# Eastern Orthodox and the Athanasian Creed



## Marrow Man (Jun 13, 2012)

I read this article this morning and it made we wonder about how firmly EOs hold to the Filioque statement in the Nicaean-Constantinopolitan Creed.

http://theaquilareport.com/remove-the-filioque-clause-from-the-nicene-creed-virtue-online/

The article includes this paragraph:



> It is sometimes argued that the Athanasian Creed contains the Filioque clause so it must have been used anciently, and it does in the West just as it is included in the Nicene Creed, but the Eastern Orthodox Churches also make use of the Athanasian Creed in the Liturgy of the Hours where it is found without the Filioque clause.



The Athanasian Creed includes this statement:



> The Holy Spirit is of the Father and of the Son; neither made, nor created, nor begotten, but proceeding.

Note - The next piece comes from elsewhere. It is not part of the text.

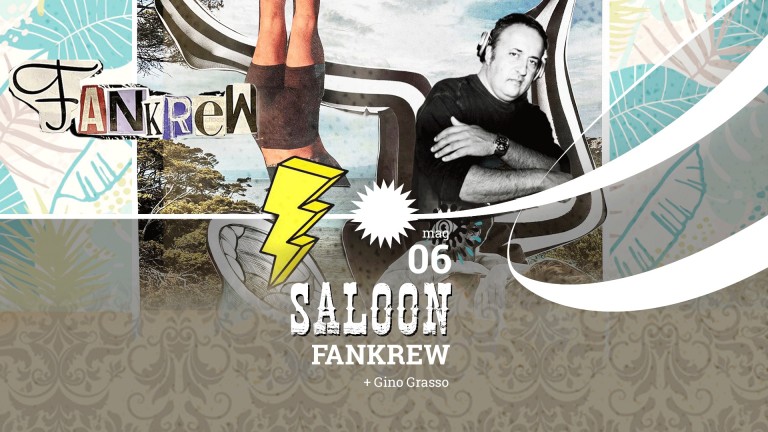 cover of Mercato Saloon | Fankrew w/ Gino Grasso live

My question: does the EO Church reject the Athanasian Creed, omit/edit the line, or something else? I understand that the phrase is not part of the original N-C Creed, but how do they handle its occurrence in the Athanasian Creed?


----------



## arapahoepark (Jun 13, 2012)

I am not sure, I think the West after much consideration inserted it, or so I have heard and (hence the schism). A much better church historian than I should answer the question though if I am wrong.


----------



## Phil D. (Jun 13, 2012)

My understanding is that most branches of EO reject, or at least do not liturgically use the Athanasian Creed (so called) because of its inclusion of the clause _Spiritus Sanctus a Patre et Filio_.


----------



## yeutter (Jun 13, 2012)

The Athanasian Creed is a Western Church creed and was never adopted by an oecumenical synod. The Eastern Orthodox Churches have not adopted nor does she use the Athanasian Creed.


----------